Je ne sais pas s'il y a un son Baptiste Herbin, mais en tout cas, ce que je ressens et ce que je veux - c'est toujours une question de choix en musique et surtout dans la musique improvisée comme le jazz - je veux un son puissant, large, centré en même temps, un son pas forcément fort, mais quelque chose qui va loin.

C'est à dire je veux répandre mon timbre et je veux aussi avoir plusieurs dynamiques. Je veux pouvoir pleurer avec mon sax, je veux pouvoir crier, je veux pouvoir rire. Je veux pouvoir avoir les mêmes sensations que si j'étais en train de m'exprimer en chantant, vraiment comme un porte-parole, un portevoix. Le saxophone va opérer dans ce rôle-là.

Ce son-là se travaille aussi avec une certaine couleur et une certaine patte. Il va se travailler aussi avec un certain matériel, mais c'est surtout lié à ce qu'on a mentalement en tête. C'est lié à notre éducation. Si on écoute beaucoup Charlie Parker, Cannonball, Lee Konitz ou Paul Desmond, toutes ces couleurs de sons très différentes vont faire notre éducation et on va essayer d'en faire une synthèse. Cette étape, je l'appelle le copiage et l'éducation. Quand on est enfant, pour apprendre à parler, on écoute nos parents. J'estime que, étant jeune musicien, on écoute les grands avant de pouvoir trouver sa propre voix. Et ça, c'est essentiel pour trouver sa propre voix, à moins qu'on soit un génie comme certains qui n'ont pas eu besoin de passer par cette étape, il y en a. Moi je pense que j'ai dû passer par cette étape, et après, on arrive à en faire une certaine synthèse pour réussir à trouver sa propre patte.

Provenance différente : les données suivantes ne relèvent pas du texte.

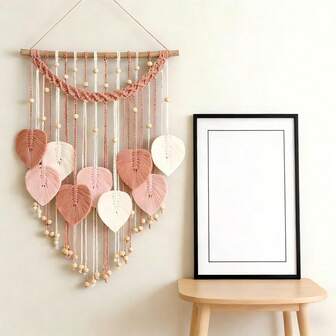 1 pieza Colgante de pared de macramé, decoración de pared con hojas de estilo bohemio, fondo de pared de hojas hecho a mano minimalista, cabecera, tapiz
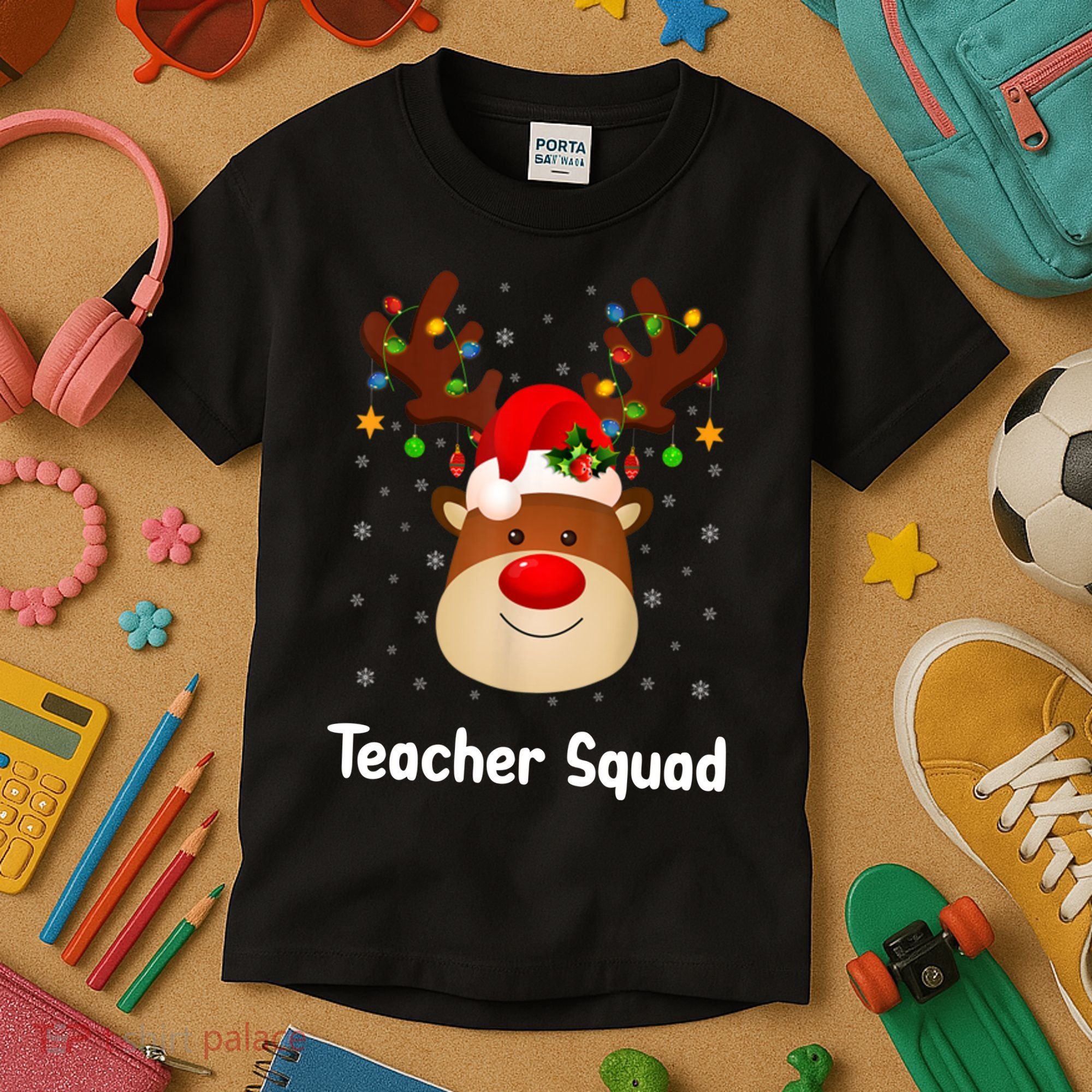 Teacher Squad Reindeer Kids T-Shirt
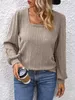 ASKSA Femme T-shirt manches longues col carré Casual Voir les images du produit 3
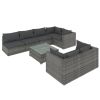 8 Piece Patio Lounge Set with Cushions Gray Poly Rattan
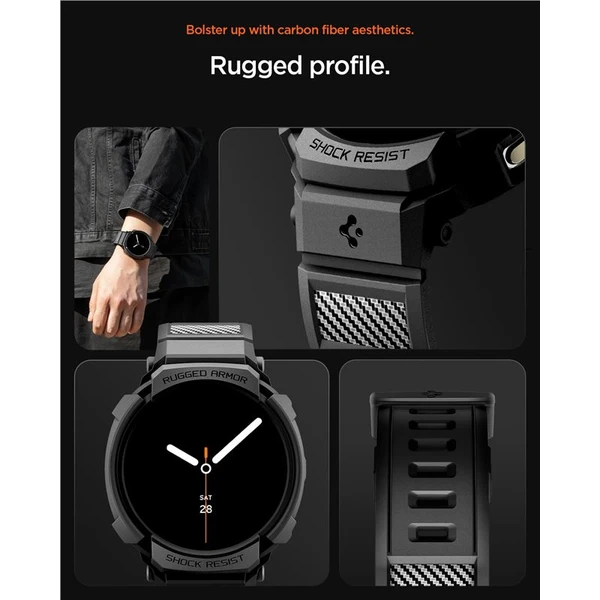 Spigen Rugged Armor Pre kryt s remienkom Galaxy Watch8 (44mm) matne čierny - Puzdra - Obrázok 0fa67a995bf8437494a89026665d7c8b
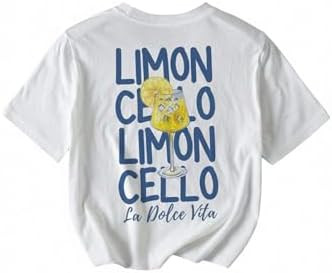 SweatyRocks Women's Letter Lemon Graphic Tees Short Sleeve Lemoncello Print T Shirts | Amazon (US)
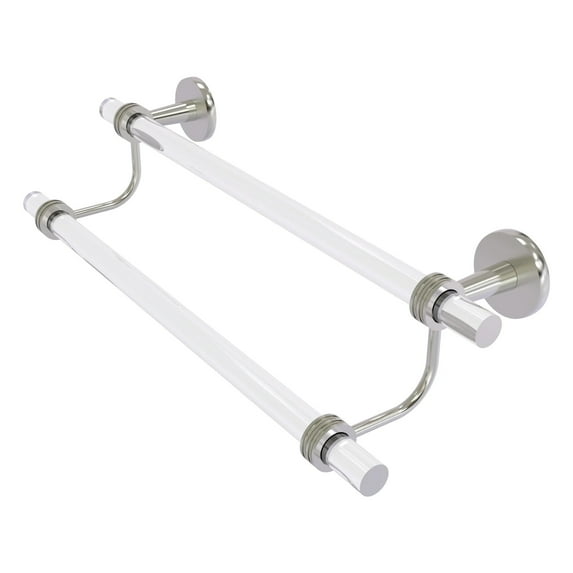 Clearview Collection 36-in Double Towel Bar with Dotted Accents in Satin Nickel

Enregistrements après enregistrement, on arrive à faire ses choix et avoir aussi sa propre couleur, ses propres dynamiques.

 

Un son universel

L'autre chose, pour finaliser sur cette idée du son personnel, c'est que je veux un son qui soit universel. C'est très difficile à obtenir. C'est à dire que je veux pouvoir jouer tous les styles de musique qui sont offerts à moi, et avec des musiciens que j'ai la chance de rencontrer, que ce soit de la musique des Balkans, de Madagascar, du Brésil, du Mexique, que ça soit plusieurs projets en jazz, que ça soit du big band, ou du trio, que ça soit du soprano ou de l'alto. Je vais penser la même chose quand je vais jouer de la flûte ou de la valiha malgache. Ça va être toujours la même chose.

Et d'ailleurs, même quand je travaille à la maison, même quand je travaille des gammes ou des choses qui peuvent être rébarbatives, je vais toujours me focaliser sur cette chose essentielle qu'est le son et toujours essayer d'avoir un son qui puisse s'adapter à tous les registres et toutes les situations possibles.